• [WHAT IS REQUIRED]: Please retype, unchanged, each line from the top of the material below through the line where "Thunfisch einfach zeichnen" appears.
※ ※ ※
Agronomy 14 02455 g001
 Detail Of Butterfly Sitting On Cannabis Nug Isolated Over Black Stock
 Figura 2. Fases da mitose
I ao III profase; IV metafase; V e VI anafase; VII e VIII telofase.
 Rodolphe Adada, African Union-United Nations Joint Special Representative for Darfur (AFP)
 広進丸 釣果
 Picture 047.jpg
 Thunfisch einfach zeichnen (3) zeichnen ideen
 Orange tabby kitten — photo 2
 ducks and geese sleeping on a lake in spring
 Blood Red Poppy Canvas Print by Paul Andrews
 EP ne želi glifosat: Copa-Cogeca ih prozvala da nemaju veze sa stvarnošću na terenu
※ ※ ※
• [REPLY TO THE TASK]:
Agronomy 14 02455 g001
 Detail Of Butterfly Sitting On Cannabis Nug Isolated Over Black Stock
 Figura 2. Fases da mitose
I ao III profase; IV metafase; V e VI anafase; VII e VIII telofase.
 Rodolphe Adada, African Union-United Nations Joint Special Representative for Darfur (AFP)
 広進丸 釣果
 Picture 047.jpg
 Thunfisch einfach zeichnen (3) zeichnen ideen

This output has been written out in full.